* **ASSIGNED TASK**
Transcribe the listing in full, word for word; pictures do not belong in the copy.

* **DATASET RECORDS**
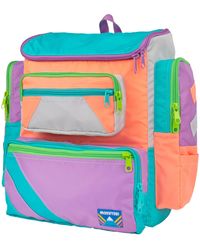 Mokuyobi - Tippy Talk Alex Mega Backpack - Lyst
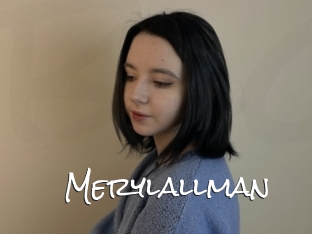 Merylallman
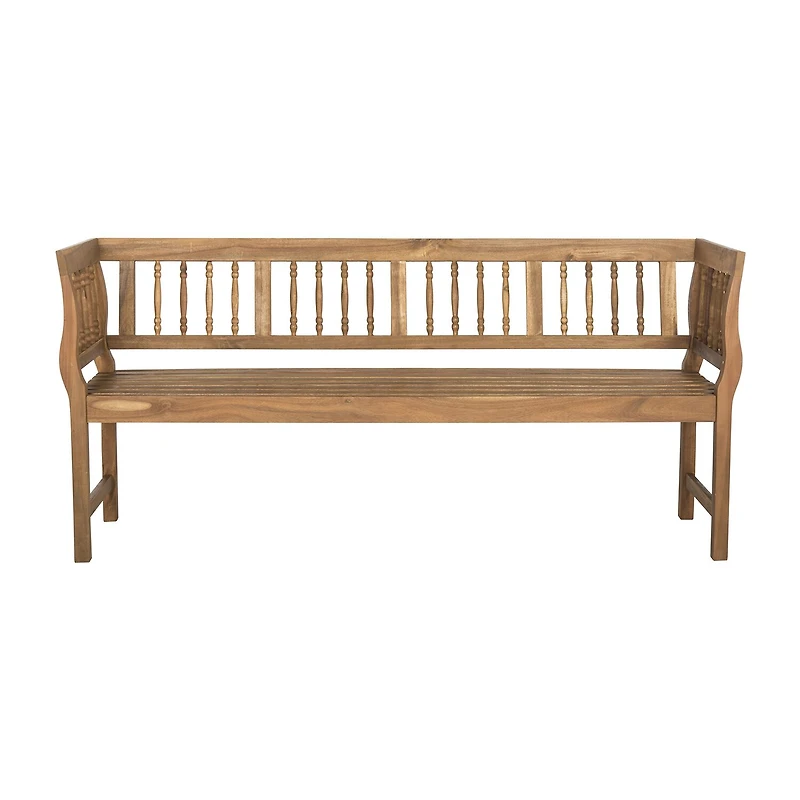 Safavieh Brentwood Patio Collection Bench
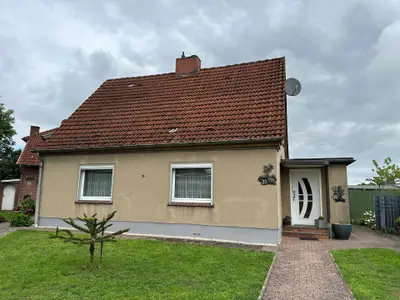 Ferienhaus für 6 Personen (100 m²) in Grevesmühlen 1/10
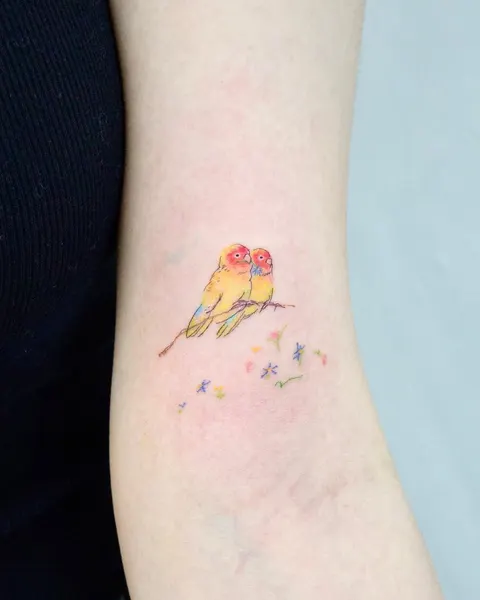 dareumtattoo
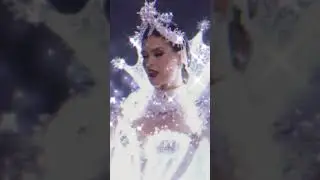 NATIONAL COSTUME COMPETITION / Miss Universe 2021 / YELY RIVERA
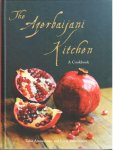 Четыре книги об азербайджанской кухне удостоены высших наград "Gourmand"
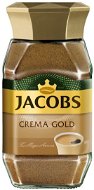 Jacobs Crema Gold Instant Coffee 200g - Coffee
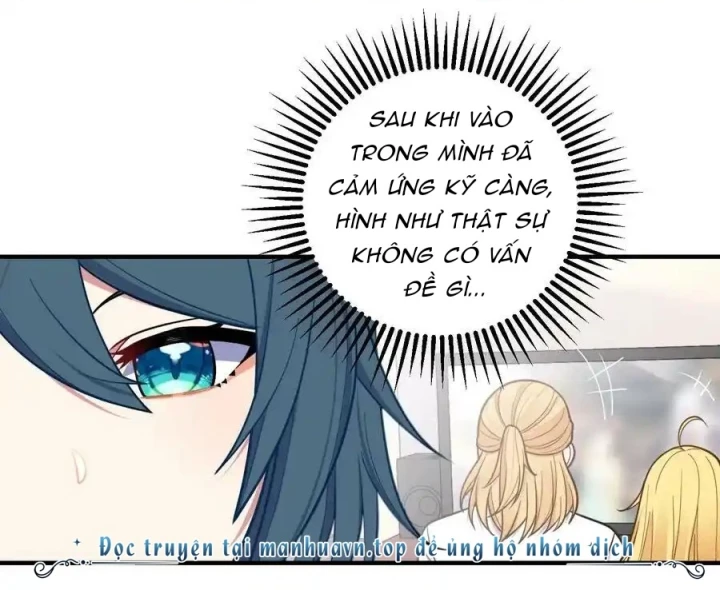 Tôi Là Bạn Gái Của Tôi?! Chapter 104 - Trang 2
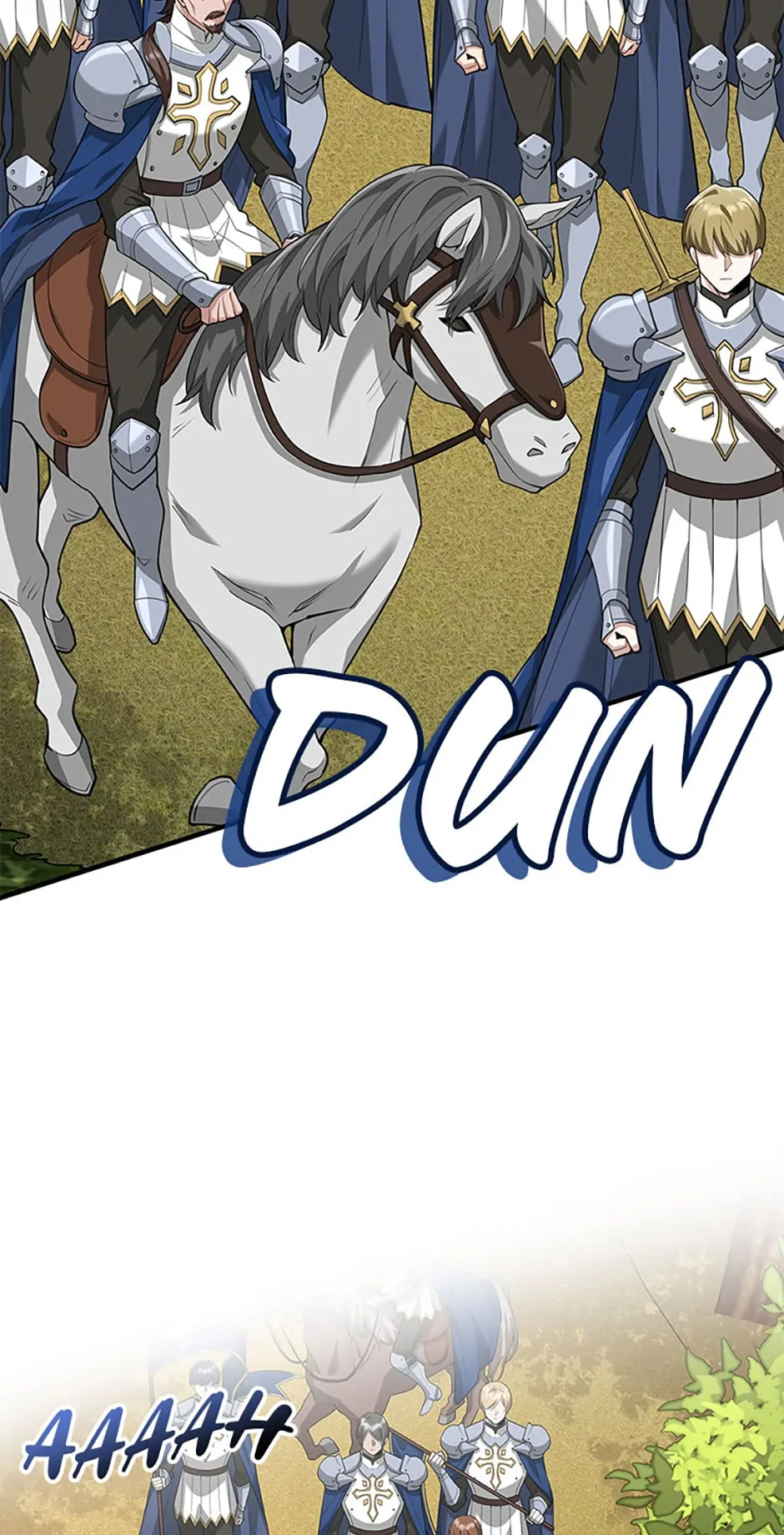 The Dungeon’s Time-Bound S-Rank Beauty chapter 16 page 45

* **SOLUTION FOR THIS PROBLEM**
 Mokuyobi - Tippy Talk Alex Mega Backpack - Lyst
 Merylallman
 Safavieh Brentwood Patio Collection Bench
 Ferienhaus für 6 Personen (100 m²) in Grevesmühlen 1/10
 dareumtattoo
 NATIONAL COSTUME COMPETITION / Miss Universe 2021 / YELY RIVERA
 Четыре книги об азербайджанской кухне удостоены высших наград "Gourmand"
 Jacobs Crema Gold Instant Coffee 200g - Coffee
 Tôi Là Bạn Gái Của Tôi?! Chapter 104 - Trang 2
 The Dungeon’s Time-Bound S-Rank Beauty chapter 16 page 45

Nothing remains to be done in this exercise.